Every record needs to be repeated exactly; its pictures do not.

Start of Records for processing

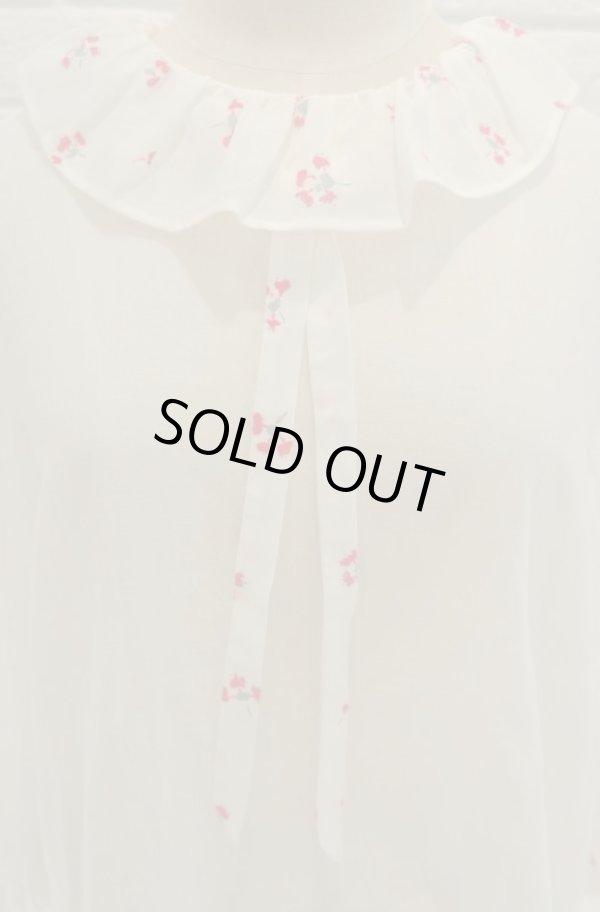 リボンをタイのように使ってもかわいい☆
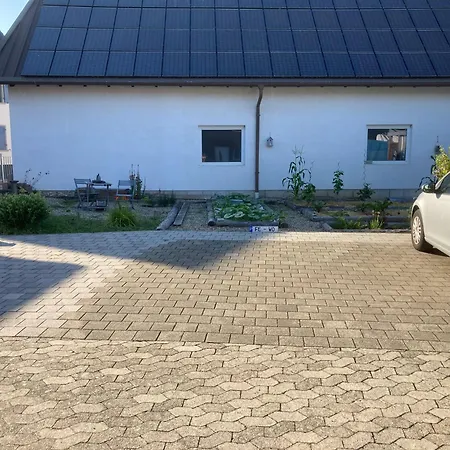 Geraeumige In Ruhiger Lage, Perfekt Zum Entspannen *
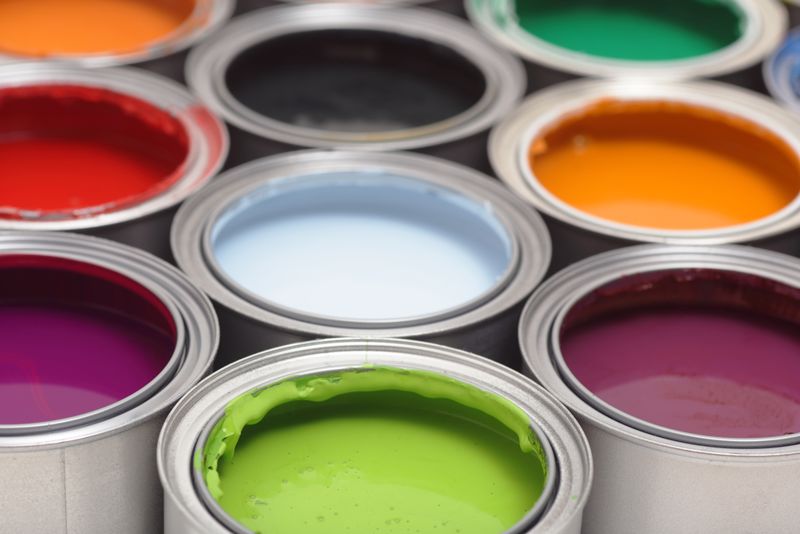 Which colours should you choose when you repaint? It all depends on taste and the room itself.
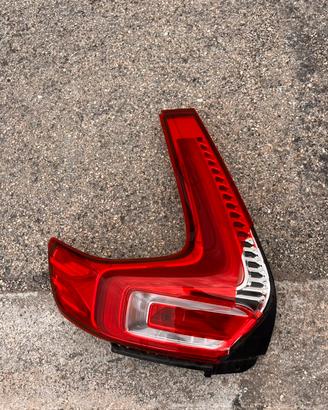Fanale Posteriore sinistro Volvo XC40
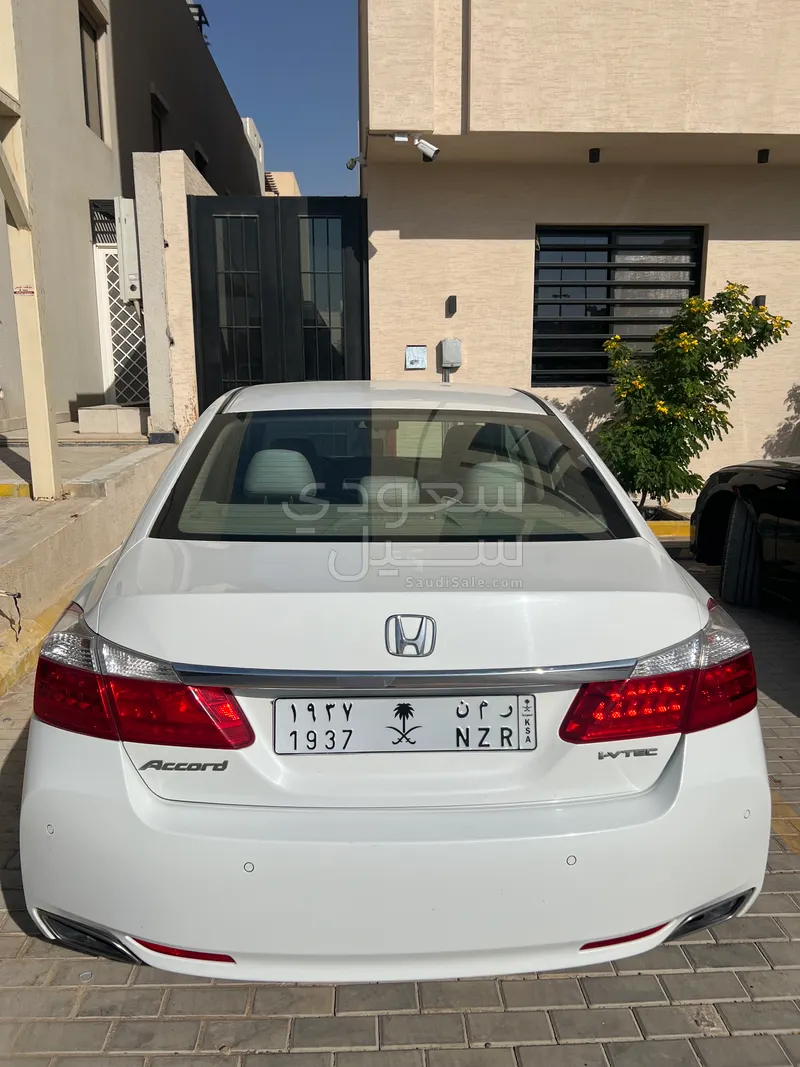 2016 هوندا اكورد إي إكس أي - اي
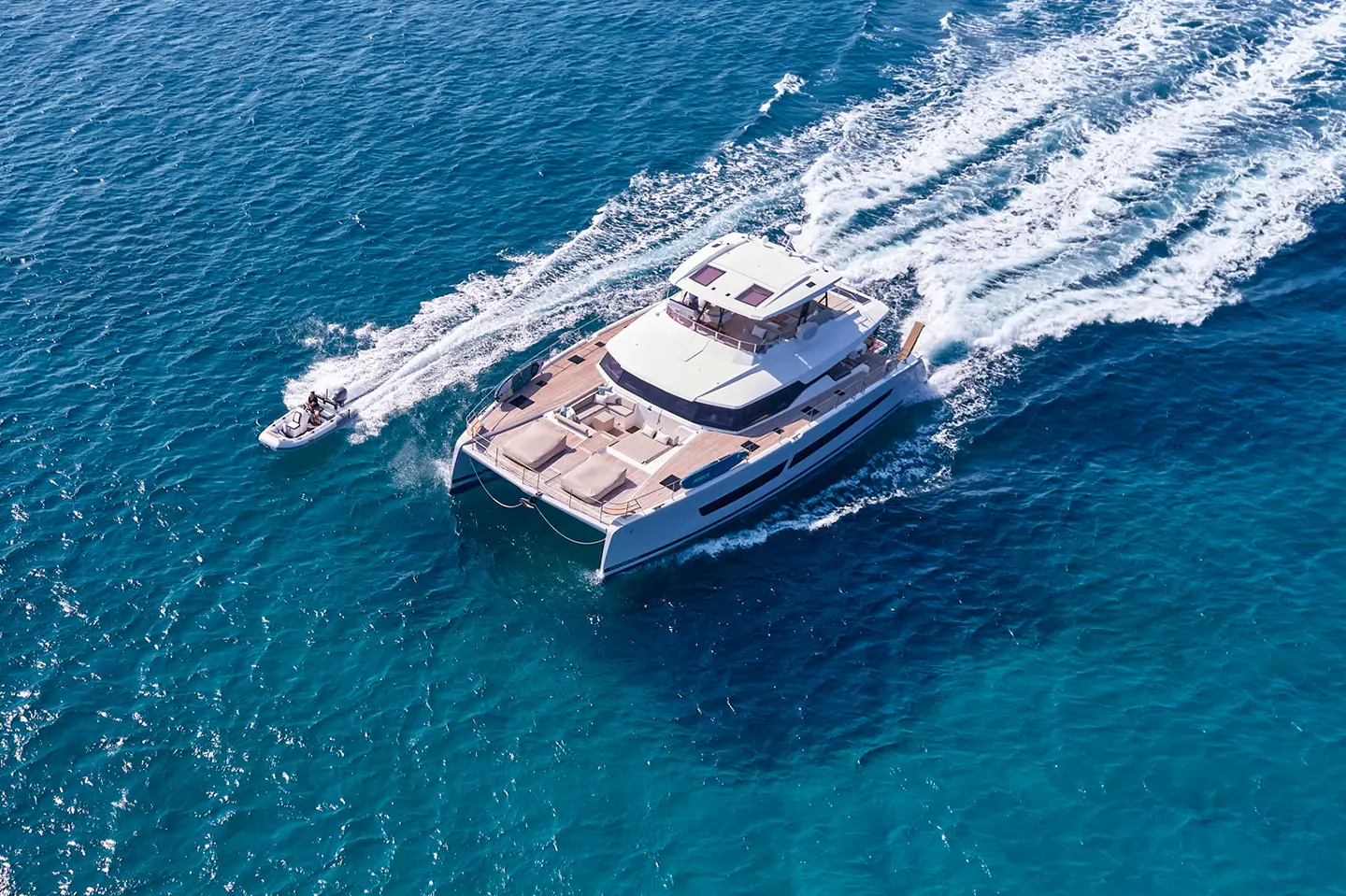 Catamarano di lusso con equipaggio all'ancora in una baia tranquilla della Croazia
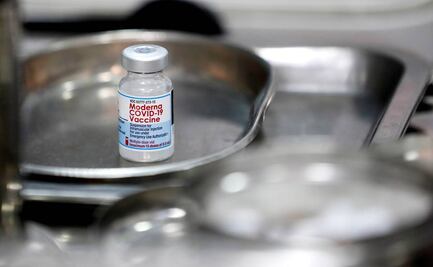 Japón investiga 2 muertes de vacunados con dosis de Moderna fabricada en España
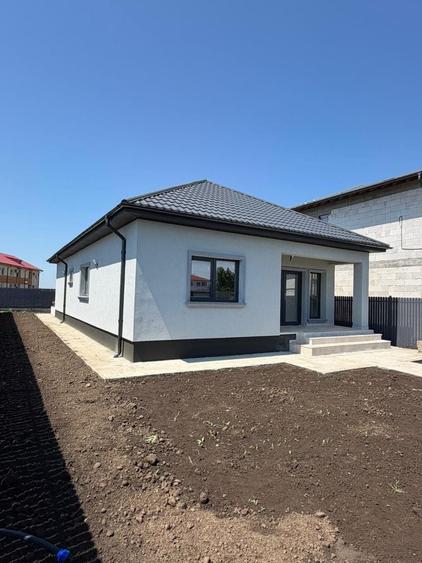 Casă cu 4 camere cu Teren 450 Mp în Cumpăna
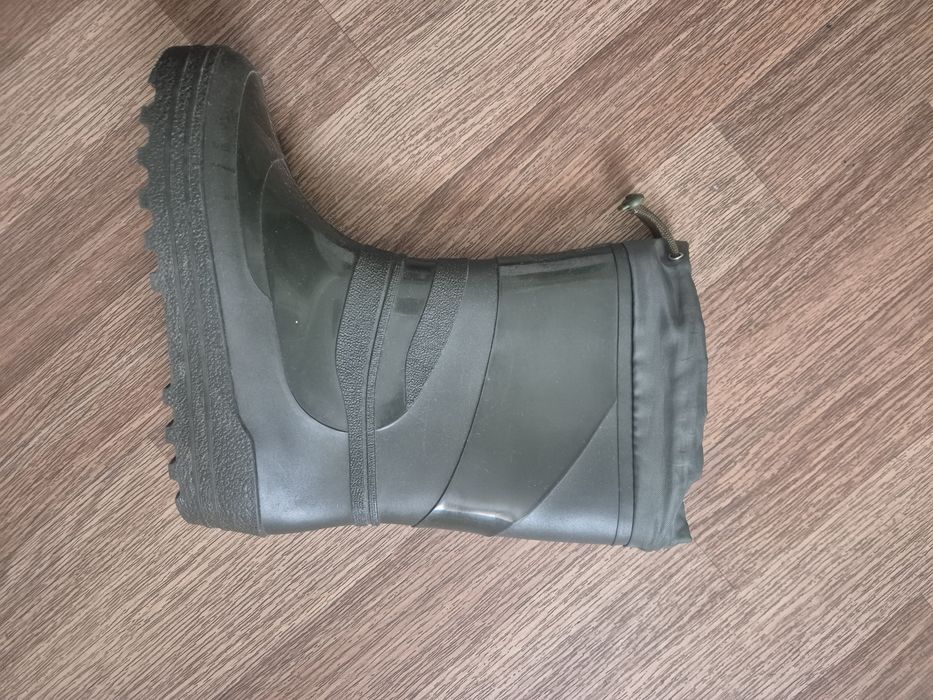 Продам резиноаые сапожки размер 36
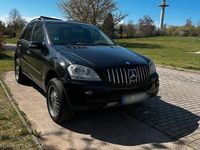 Gebraucht Mercedes ML320 224 PS (164 kW) 2006 Schwarz SUV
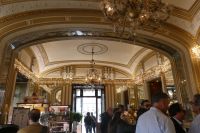 im Cafe einen Espresso trinken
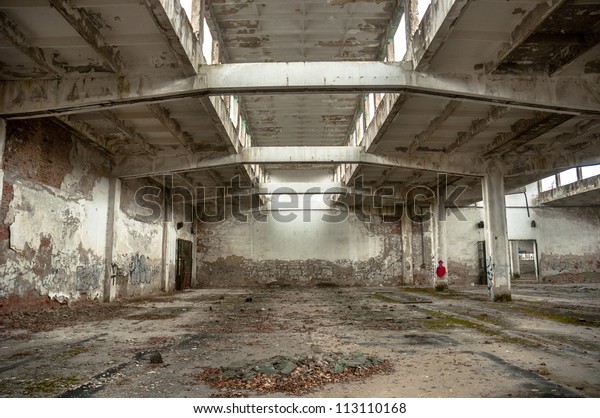 35,726 Abandoned Building Graffiti Images, Stock Photos & Vectors ...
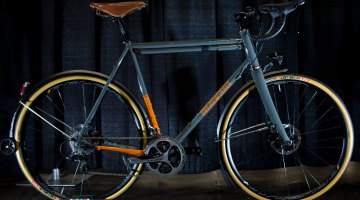 Breadwinner has a tricked-out full fendered B-Road gravel bike, complete with a dyno generator headlight and tailight and USB phone charger. NAHBS 2016. © Cyclocross Magazine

End of Records for processing

> _Task solution_
 リボンをタイのように使ってもかわいい☆
 Geraeumige In Ruhiger Lage, Perfekt Zum Entspannen *
 Which colours should you choose when you repaint? It all depends on taste and the room itself.
Fanale Posteriore sinistro Volvo XC40
 2016 هوندا اكورد إي إكس أي - اي
 Catamarano di lusso con equipaggio all'ancora in una baia tranquilla della Croazia
 Japón investiga 2 muertes de vacunados con dosis de Moderna fabricada en España
 Casă cu 4 camere cu Teren 450 Mp în Cumpăna
 Продам резиноаые сапожки размер 36
 Gebraucht Mercedes ML320 224 PS (164 kW) 2006 Schwarz SUV
 im Cafe einen Espresso trinken
 35,726 Abandoned Building Graffiti Images, Stock Photos & Vectors ...
 Breadwinner has a tricked-out full fendered B-Road gravel bike, complete with a dyno generator headlight and tailight and USB phone charger. NAHBS 2016. © Cyclocross Magazine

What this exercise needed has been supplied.